Но все эти привычные заклинания, которыми он себя успокаивал, на сей раз утратили силу. То, что он видел в Дагмар – ее великодушие, благородство, сдержанность – все имело другое название.
– А если б я попросил тебя отказаться от своего ремесла?
– Не надо об этом просить. Разве тебе мешает то, что я делаю?
– Не знаю. Но если бы тебе пришлось выбирать между нашей с тобой жизнью и подмостками?
Она молчала. Но Джаред знал ответ.
…И то, что казалось в ней преданностью, покорством, терпимостью, отсутствием ревности – должно было именовать по-другому.
Ей ни до чего не было дела. Она хотела одного – играть. А с кем она при этом спит, значения не имело. Проще согласиться, тогда от тебя быстрей отвяжутся.
– Прости, – казала она. – Мне следовало солгать. Но я не умею. Ничего не умею. Только играть. Помню, как я шла по дорогам… и все вокруг плакали, но я не могла заплакать. И не понимала, почему. Я стала смотреть на людей. На мужчин, на женщин, на детей. Они смеялись, злились, радовались, бранились. Но у меня ничего этого не получалось. Мне не было ни весело, ни страшно. Мне было пусто. – Она приложила к груди сжатый кулак. На сцене этот жест показался бы слишком нарочитым в своей наглядности, но сейчас он таким не выглядел. – А потом я встретила комедиантов и поняла – все, чего во мне нет, я могу
Он думал: Дагмар никогда не обманывала его. Она говорила, что любовь – это роскошь, которая ей не дозволена. И она не виновата, что он приписывал ей воображаемые добродетели. Хотя – почему же воображаемые?
Да, он виноват. Он точно знал, что Дагмар пострадала от темной Силы, что душа ее ранена, а сознание изувечено. И шел в Эрденон с единственной целью – помочь ей.

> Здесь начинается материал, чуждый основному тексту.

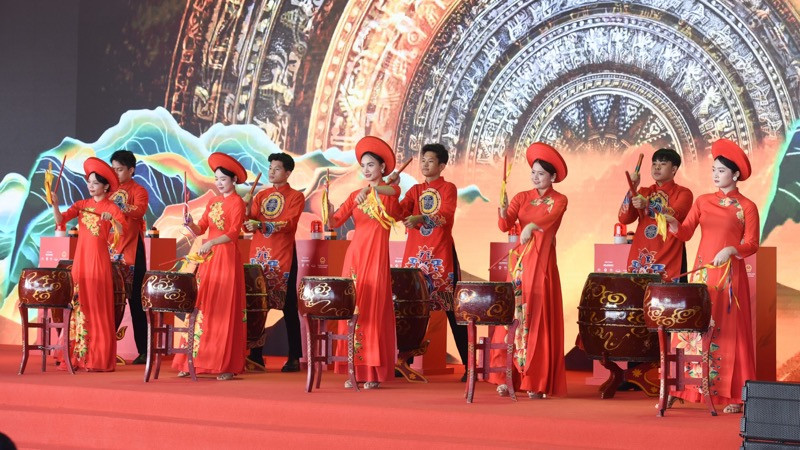Tiết mục trống hội được biểu diễn tại buổi lễ. (Ảnh: TRẦN HẢI) Tiết mục trống hội được biểu diễn tại buổi lễ. (Ảnh: TRẦN HẢI)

Защитить. И что он сделал?
Сколько раз он повторял себе, что не может понять ее. Ибо она, как та, о которой сказано «запертый сад, заключенный колодезь, запечатанный источник».
Печать на памяти. Замок на сердце. Огражденная душа. А ему досталось тело. Оболочка. «Я никто и звать никак».
Юный студент там, в Тримейне, едва войдя в соприкосновение с доктором Поссаром, лишился не только памяти, но и образа человеческого. От него и впрямь осталась только оболочка. Шелуха.
Райнер безумным не выглядел. Но отвечал ли он за свои действия?
Теперь уже не узнаешь. И не поможешь. Поздно.
Но Дагмар… Ей никто не пытался помочь. Потому что никто не догадывался, что она нуждается в помощи. Разве что Диниш. И Диниш велел ей остаться с Джаредом. Потому что больше никто ей помочь не сумеет.
Джаред взял плащ, лежавшийй на постели, встал.